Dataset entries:
************
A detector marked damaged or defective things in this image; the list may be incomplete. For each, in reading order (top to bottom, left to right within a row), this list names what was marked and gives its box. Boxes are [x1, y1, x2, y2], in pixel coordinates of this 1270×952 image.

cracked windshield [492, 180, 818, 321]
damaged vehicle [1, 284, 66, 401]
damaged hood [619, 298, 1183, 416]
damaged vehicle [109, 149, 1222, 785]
************
The answer must be all of the entries, restated exactly.

Expected answer »
A detector marked damaged or defective things in this image; the list may be incomplete. For each, in reading order (top to bottom, left to right within a row), this list names what was marked and gives its box. Boxes are [x1, y1, x2, y2], in pixel coordinates of this 1270×952 image.

cracked windshield [492, 180, 818, 321]
damaged vehicle [1, 284, 66, 401]
damaged hood [619, 298, 1183, 416]
damaged vehicle [109, 149, 1222, 785]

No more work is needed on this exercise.